Stored dataset items:
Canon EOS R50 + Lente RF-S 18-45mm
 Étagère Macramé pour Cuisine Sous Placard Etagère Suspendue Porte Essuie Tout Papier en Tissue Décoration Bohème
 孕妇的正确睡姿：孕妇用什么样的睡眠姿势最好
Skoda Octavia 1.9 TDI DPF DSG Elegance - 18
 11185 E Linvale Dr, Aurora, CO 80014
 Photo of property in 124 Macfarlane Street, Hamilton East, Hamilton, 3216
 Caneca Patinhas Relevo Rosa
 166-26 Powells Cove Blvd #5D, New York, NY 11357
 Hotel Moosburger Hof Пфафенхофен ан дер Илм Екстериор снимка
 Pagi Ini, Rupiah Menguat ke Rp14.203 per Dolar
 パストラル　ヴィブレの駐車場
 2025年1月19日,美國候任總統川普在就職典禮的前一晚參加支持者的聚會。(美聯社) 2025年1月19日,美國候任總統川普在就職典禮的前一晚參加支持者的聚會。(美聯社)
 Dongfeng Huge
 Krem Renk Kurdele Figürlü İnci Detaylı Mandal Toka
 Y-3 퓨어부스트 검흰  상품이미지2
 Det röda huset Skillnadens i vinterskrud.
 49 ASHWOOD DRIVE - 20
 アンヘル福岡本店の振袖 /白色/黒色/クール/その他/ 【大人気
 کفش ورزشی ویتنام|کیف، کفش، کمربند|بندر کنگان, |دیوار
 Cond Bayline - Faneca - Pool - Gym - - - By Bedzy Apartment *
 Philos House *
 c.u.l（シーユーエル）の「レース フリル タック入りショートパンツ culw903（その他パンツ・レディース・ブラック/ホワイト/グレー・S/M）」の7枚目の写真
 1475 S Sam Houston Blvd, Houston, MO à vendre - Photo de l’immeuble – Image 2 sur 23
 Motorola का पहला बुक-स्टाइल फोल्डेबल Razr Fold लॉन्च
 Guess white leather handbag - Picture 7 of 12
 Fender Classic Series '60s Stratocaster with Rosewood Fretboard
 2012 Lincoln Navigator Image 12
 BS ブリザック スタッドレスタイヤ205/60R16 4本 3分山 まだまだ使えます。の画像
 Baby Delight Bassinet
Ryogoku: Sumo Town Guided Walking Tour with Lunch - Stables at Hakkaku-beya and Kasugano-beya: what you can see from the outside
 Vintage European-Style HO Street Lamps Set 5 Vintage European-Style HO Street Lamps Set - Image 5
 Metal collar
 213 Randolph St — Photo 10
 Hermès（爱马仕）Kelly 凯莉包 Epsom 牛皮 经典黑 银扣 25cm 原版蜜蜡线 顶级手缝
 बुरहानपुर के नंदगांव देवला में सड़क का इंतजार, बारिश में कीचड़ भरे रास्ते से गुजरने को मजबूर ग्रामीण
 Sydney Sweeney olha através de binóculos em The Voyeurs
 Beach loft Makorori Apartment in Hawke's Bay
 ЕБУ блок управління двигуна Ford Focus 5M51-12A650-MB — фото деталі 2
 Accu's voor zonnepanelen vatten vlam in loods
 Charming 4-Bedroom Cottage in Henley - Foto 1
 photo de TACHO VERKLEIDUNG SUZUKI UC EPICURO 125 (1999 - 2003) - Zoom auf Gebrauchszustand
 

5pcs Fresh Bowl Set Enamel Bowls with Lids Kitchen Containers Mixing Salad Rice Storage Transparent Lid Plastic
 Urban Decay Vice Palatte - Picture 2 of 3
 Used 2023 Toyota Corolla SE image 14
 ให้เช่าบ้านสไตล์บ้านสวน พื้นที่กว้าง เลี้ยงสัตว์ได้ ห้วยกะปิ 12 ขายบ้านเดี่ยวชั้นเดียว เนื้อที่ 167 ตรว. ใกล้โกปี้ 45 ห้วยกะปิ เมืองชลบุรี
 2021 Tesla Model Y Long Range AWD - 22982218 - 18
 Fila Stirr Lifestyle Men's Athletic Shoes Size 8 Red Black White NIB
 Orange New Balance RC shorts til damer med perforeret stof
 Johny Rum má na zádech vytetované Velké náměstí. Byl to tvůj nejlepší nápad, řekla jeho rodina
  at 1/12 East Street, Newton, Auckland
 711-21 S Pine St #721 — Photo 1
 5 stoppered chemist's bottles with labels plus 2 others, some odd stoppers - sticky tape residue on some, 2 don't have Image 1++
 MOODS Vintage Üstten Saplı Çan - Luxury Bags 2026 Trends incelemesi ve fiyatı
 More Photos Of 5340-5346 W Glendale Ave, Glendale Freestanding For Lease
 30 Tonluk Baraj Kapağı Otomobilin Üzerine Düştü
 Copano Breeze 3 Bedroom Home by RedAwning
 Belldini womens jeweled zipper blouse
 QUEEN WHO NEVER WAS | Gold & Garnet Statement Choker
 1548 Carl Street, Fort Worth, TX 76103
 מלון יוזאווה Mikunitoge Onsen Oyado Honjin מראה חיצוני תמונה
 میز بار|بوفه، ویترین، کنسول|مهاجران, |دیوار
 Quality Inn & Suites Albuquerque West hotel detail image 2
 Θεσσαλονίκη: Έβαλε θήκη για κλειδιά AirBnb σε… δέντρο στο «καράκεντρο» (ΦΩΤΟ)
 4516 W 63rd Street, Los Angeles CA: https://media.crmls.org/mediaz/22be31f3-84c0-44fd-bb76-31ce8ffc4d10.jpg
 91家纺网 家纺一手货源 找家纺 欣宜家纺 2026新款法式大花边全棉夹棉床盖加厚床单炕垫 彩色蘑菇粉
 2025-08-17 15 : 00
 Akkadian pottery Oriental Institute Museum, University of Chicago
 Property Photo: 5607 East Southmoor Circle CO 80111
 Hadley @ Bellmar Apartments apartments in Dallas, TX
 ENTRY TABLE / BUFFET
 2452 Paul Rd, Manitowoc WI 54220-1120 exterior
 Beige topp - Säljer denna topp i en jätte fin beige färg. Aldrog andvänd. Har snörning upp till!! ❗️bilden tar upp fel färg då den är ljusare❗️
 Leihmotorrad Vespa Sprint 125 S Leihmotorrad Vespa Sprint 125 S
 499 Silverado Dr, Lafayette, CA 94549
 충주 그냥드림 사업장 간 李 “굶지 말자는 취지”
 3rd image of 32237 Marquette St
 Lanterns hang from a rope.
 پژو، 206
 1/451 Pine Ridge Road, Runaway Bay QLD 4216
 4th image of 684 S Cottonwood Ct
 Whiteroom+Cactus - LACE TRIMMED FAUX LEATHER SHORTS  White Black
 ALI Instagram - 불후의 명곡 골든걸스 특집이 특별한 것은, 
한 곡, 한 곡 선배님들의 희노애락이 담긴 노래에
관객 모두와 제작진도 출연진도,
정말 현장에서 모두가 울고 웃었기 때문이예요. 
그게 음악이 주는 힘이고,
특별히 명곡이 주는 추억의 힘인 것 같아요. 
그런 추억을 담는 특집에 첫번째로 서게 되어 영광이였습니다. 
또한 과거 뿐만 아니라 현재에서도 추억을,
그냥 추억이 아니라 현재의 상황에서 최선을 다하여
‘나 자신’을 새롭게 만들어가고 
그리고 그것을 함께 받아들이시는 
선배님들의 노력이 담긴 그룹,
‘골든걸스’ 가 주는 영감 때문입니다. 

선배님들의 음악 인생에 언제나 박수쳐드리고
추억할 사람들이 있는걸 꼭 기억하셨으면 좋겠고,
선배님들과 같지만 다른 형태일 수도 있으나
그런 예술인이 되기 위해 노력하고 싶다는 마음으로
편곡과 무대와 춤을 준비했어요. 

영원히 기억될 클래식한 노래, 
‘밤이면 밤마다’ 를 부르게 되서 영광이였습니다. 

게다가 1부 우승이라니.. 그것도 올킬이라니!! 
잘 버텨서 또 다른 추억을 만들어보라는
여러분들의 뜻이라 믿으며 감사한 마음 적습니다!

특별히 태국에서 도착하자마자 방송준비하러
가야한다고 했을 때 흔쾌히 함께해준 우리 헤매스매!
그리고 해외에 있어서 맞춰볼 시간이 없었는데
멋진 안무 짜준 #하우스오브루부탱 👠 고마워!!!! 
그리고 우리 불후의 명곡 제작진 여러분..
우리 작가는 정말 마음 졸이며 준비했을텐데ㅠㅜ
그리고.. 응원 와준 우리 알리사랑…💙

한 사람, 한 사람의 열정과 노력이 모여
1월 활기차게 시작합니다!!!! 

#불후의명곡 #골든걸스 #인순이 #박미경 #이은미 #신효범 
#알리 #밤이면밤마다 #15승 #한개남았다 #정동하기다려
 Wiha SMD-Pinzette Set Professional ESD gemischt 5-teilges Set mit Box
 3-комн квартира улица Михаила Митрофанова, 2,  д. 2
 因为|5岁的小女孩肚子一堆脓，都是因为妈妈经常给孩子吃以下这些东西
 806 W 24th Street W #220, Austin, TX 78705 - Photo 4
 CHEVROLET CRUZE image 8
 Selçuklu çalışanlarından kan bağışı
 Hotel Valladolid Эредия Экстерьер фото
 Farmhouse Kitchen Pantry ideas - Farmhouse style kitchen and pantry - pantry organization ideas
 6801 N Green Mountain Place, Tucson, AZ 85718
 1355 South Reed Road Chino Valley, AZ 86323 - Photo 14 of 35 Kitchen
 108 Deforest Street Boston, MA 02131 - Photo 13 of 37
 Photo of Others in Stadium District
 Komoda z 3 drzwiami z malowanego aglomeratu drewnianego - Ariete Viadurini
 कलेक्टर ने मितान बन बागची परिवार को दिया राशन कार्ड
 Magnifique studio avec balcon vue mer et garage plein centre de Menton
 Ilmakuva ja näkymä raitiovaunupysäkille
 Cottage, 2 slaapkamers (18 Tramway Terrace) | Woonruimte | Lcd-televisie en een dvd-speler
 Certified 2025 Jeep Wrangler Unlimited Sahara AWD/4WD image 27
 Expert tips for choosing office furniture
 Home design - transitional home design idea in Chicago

- Work instructions -
The answer must consist of every line above that holds the string "Vintage", copied exactly.

- Solution to this task -
 Vintage European-Style HO Street Lamps Set 5 Vintage European-Style HO Street Lamps Set - Image 5
 MOODS Vintage Üstten Saplı Çan - Luxury Bags 2026 Trends incelemesi ve fiyatı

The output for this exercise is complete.